Each of these represents a set of coordinates, with the X coordinate being equal to the value of X that you used, and the Y coordinate being the value of the function using that value of X.

Then, plot these points on a graph.

Then, connect the dots.

Thus, you have a graph. That's basically how a graphing calculator does it, too.

You will, of course, have to understand the function you're graphing, so that you know how to recognize asymptotes and such (and thus choose the proper values of X to use, so that you connect the dots properly, and get a proper result for the graph).

Answer 8

if you can graph (x-1)(x-3), which is a parabola, than you can graph 1 divided by the same. Anything with a one over it is an inverse of the stuff on the bottom, so your graph of (x-1)(x-3) would be reflected in the line y=x. That is the easiest way that I can tell you to graph it. Just graph the bottom, and then switch all the x and y values.

Answer 9

When graphing functions by hand, watch for significant events.

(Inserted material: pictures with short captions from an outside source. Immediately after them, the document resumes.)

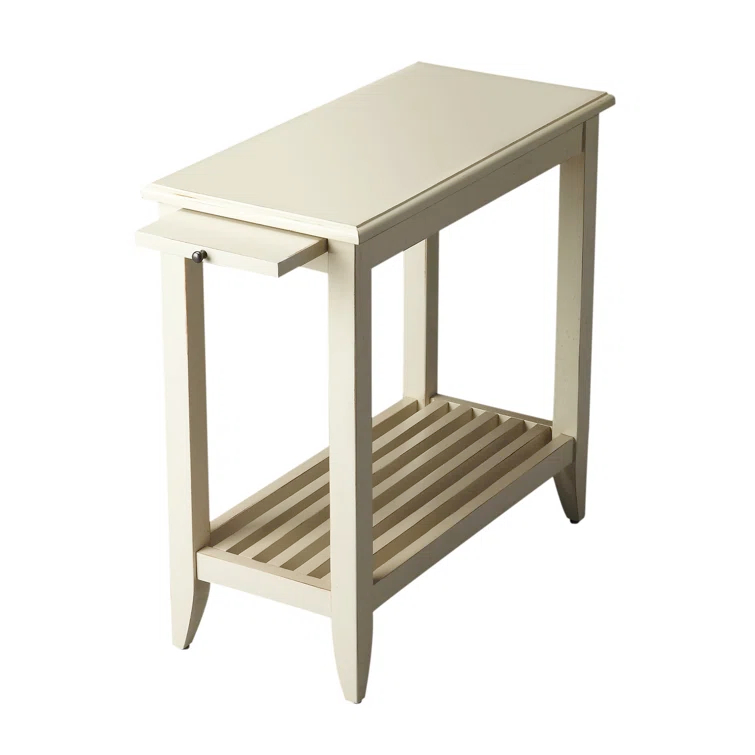 Petite Off-White Birch Side Table with Tapered Legs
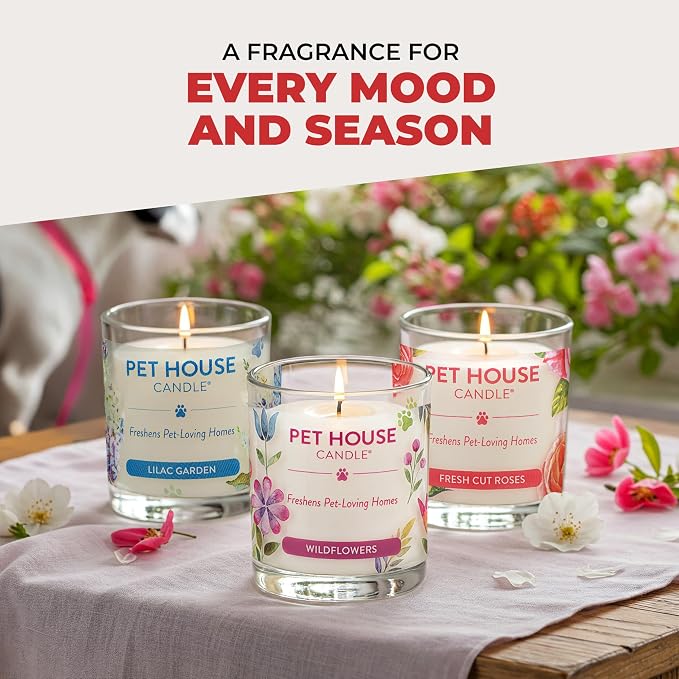 Pet House Scented Candles, Plant Based Pet Candle, Clean Burning, Long Lasting Air Freshener for Home, Holidays Fur All 2 Pack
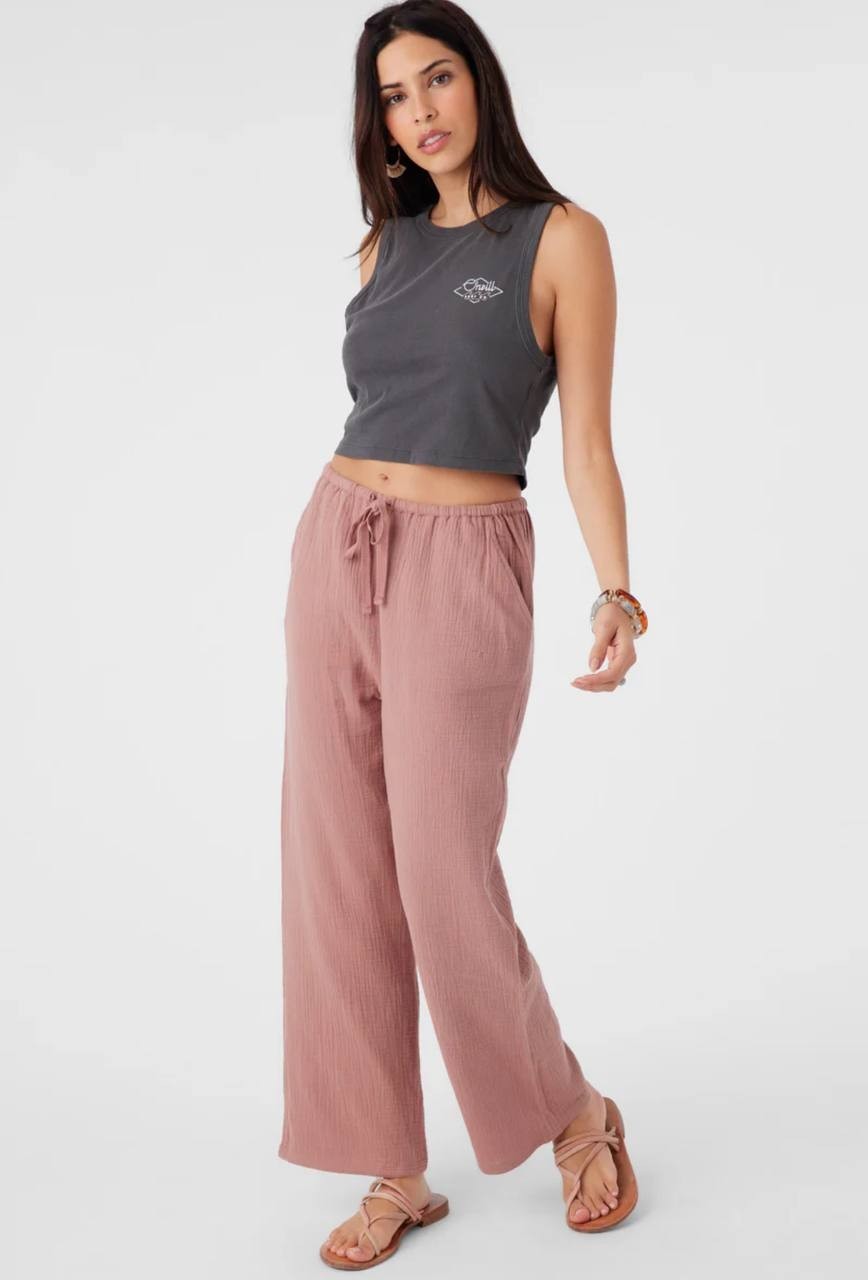 O'Neill Wide-Leg Cropped Pants - Crinkle Cotton, Rosewood Pink Drawstring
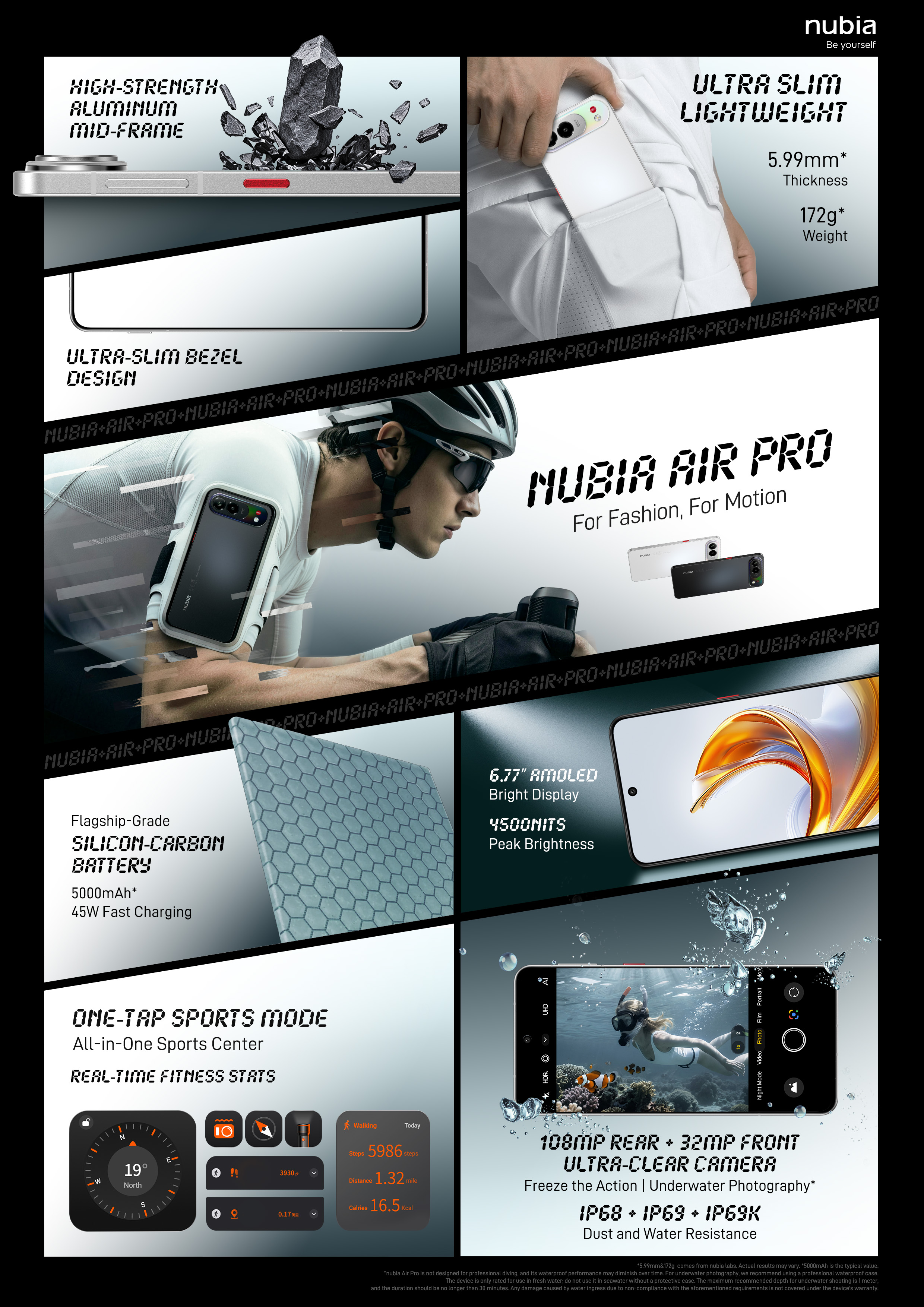 [NEW] Nubia Air Pro 20(8+12)GB + 256GB 6.77 AMOLED 144Hz 108MP+32MP ...
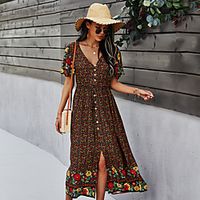 Women's Swing Dress Midi Dress Original design independent real shot Black Dark Blue Short Sleeve Print Spring Summer Casual / Daily 2021 S M L XL miniinthebox - thumbnail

Since division by zero is undefined, You function will be undefined at X= 1 and x=3.

Other than that you can pick values of X and make yourself a table from which to draw the graph.

Answer 10

First you need to multiply out the bottom number...It should be x^2 * -4x * -3. Then you just plug in a few points on the graph to get a general idea of how the function should look.